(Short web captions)
^^^^

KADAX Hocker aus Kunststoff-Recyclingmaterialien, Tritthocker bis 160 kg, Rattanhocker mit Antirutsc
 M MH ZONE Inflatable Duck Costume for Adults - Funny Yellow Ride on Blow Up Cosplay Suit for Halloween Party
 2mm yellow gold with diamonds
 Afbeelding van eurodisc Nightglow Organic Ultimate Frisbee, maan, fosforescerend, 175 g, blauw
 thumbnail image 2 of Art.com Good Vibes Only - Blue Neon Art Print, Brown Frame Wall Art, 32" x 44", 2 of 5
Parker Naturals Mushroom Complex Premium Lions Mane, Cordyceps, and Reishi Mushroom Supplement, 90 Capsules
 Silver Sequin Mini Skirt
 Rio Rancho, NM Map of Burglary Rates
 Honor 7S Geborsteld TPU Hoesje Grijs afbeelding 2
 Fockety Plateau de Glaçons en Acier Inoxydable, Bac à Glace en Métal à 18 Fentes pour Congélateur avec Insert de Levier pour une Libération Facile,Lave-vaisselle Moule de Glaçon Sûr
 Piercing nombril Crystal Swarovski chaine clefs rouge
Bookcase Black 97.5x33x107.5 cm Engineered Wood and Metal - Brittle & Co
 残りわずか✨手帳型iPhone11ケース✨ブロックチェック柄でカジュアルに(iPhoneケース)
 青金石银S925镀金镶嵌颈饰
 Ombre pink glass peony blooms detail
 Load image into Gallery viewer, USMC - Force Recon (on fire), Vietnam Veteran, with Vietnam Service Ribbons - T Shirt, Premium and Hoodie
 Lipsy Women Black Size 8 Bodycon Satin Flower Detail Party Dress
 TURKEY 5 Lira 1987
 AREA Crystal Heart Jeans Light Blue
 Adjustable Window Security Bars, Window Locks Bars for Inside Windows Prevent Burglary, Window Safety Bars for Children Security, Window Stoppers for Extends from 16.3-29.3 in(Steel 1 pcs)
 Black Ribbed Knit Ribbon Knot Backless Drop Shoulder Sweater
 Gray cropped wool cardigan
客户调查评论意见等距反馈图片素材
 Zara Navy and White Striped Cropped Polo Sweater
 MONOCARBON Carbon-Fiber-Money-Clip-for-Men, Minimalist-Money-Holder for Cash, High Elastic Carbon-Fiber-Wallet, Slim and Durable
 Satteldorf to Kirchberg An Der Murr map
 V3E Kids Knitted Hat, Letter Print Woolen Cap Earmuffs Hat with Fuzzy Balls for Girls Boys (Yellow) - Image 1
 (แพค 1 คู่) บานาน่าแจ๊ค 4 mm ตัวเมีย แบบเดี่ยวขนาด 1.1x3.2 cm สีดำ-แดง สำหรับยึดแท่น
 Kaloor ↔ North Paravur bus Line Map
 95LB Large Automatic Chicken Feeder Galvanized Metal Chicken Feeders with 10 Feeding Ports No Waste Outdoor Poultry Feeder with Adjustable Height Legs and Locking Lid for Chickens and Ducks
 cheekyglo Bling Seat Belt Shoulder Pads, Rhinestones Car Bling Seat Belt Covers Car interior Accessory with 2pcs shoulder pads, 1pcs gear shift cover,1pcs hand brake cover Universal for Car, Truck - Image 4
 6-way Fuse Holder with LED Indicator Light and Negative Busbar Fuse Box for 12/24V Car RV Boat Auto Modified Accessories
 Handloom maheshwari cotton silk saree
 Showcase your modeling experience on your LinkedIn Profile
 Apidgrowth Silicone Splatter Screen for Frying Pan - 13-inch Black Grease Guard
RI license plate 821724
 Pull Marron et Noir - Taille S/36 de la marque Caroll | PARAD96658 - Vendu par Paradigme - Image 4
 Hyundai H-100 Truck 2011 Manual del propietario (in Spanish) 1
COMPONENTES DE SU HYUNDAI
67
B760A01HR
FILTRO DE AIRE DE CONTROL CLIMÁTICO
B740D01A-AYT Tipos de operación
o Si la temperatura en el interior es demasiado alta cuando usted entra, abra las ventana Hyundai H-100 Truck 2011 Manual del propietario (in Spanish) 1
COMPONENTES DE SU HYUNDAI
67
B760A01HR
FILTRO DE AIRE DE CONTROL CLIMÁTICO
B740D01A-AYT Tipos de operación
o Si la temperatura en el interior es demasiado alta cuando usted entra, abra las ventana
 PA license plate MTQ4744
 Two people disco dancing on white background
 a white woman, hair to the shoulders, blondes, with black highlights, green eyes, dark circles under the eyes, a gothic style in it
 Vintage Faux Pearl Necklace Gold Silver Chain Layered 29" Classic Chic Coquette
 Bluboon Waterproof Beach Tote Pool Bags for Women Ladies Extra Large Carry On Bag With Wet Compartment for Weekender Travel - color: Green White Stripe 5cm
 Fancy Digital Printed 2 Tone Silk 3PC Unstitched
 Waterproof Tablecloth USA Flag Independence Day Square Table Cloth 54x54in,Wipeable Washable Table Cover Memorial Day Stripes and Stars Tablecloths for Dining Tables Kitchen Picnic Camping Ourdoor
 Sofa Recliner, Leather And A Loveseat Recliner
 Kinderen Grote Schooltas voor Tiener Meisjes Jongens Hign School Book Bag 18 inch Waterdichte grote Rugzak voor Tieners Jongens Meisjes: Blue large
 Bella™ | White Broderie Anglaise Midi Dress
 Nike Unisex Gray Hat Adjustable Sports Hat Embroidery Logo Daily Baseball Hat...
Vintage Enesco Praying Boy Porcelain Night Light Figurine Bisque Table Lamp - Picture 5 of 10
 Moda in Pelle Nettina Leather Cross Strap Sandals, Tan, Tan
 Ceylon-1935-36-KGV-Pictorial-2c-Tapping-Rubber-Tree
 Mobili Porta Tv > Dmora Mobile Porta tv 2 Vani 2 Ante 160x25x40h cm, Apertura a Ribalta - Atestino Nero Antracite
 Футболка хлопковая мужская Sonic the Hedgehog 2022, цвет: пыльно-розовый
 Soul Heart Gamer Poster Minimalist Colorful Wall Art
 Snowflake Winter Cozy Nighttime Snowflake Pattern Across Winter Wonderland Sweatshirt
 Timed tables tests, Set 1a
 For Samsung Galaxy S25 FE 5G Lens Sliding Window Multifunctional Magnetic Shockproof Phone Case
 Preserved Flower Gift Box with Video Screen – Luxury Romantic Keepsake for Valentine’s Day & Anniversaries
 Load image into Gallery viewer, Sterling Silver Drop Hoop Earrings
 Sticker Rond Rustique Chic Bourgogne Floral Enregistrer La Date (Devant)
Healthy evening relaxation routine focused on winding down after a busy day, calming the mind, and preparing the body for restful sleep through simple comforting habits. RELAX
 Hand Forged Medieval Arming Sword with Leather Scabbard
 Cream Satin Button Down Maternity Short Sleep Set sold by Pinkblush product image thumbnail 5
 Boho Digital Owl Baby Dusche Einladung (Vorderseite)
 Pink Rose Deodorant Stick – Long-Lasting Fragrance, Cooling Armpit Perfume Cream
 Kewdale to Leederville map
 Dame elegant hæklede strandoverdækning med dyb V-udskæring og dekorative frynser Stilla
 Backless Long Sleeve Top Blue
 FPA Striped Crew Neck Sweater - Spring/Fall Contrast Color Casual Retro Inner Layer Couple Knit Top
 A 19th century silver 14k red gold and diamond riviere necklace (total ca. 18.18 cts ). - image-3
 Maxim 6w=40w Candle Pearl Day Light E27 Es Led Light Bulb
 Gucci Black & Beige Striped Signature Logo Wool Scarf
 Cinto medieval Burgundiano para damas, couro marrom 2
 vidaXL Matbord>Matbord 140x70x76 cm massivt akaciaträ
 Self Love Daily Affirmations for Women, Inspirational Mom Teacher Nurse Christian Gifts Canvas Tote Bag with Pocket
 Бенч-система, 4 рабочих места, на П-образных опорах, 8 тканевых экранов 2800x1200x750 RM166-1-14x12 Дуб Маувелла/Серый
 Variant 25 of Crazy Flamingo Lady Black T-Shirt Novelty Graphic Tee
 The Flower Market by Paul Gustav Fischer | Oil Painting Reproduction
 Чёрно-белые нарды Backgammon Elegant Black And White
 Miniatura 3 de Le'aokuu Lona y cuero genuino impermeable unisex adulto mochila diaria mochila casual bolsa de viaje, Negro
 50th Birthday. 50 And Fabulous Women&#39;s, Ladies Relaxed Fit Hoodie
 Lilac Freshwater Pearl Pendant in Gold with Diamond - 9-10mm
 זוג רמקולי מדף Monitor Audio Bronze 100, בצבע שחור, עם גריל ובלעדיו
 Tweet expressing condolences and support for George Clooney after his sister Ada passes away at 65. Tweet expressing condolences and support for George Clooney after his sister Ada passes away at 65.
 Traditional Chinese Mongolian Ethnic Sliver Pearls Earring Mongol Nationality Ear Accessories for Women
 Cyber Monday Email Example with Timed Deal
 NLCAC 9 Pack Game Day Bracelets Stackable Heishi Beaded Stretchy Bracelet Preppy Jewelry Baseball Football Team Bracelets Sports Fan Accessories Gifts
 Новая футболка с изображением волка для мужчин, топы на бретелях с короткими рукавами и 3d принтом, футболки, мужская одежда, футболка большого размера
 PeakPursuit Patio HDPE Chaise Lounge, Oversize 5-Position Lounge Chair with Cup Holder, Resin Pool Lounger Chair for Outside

^^^^

WHAT THIS TASK INVOLVES: Scan the lines above for "Satteldorf to Kirchberg An Der Murr map" and for "a white woman, hair". Repeat exactly the line holding each of them and every line in between.

RESULT OF THE TASK:
 Satteldorf to Kirchberg An Der Murr map
 V3E Kids Knitted Hat, Letter Print Woolen Cap Earmuffs Hat with Fuzzy Balls for Girls Boys (Yellow) - Image 1
 (แพค 1 คู่) บานาน่าแจ๊ค 4 mm ตัวเมีย แบบเดี่ยวขนาด 1.1x3.2 cm สีดำ-แดง สำหรับยึดแท่น
 Kaloor ↔ North Paravur bus Line Map
 95LB Large Automatic Chicken Feeder Galvanized Metal Chicken Feeders with 10 Feeding Ports No Waste Outdoor Poultry Feeder with Adjustable Height Legs and Locking Lid for Chickens and Ducks
 cheekyglo Bling Seat Belt Shoulder Pads, Rhinestones Car Bling Seat Belt Covers Car interior Accessory with 2pcs shoulder pads, 1pcs gear shift cover,1pcs hand brake cover Universal for Car, Truck - Image 4
 6-way Fuse Holder with LED Indicator Light and Negative Busbar Fuse Box for 12/24V Car RV Boat Auto Modified Accessories
 Handloom maheshwari cotton silk saree
 Showcase your modeling experience on your LinkedIn Profile
 Apidgrowth Silicone Splatter Screen for Frying Pan - 13-inch Black Grease Guard
RI license plate 821724
 Pull Marron et Noir - Taille S/36 de la marque Caroll | PARAD96658 - Vendu par Paradigme - Image 4
 Hyundai H-100 Truck 2011 Manual del propietario (in Spanish) 1
COMPONENTES DE SU HYUNDAI
67
B760A01HR
FILTRO DE AIRE DE CONTROL CLIMÁTICO
B740D01A-AYT Tipos de operación
o Si la temperatura en el interior es demasiado alta cuando usted entra, abra las ventana Hyundai H-100 Truck 2011 Manual del propietario (in Spanish) 1
COMPONENTES DE SU HYUNDAI
67
B760A01HR
FILTRO DE AIRE DE CONTROL CLIMÁTICO
B740D01A-AYT Tipos de operación
o Si la temperatura en el interior es demasiado alta cuando usted entra, abra las ventana
 PA license plate MTQ4744
 Two people disco dancing on white background
 a white woman, hair to the shoulders, blondes, with black highlights, green eyes, dark circles under the eyes, a gothic style in it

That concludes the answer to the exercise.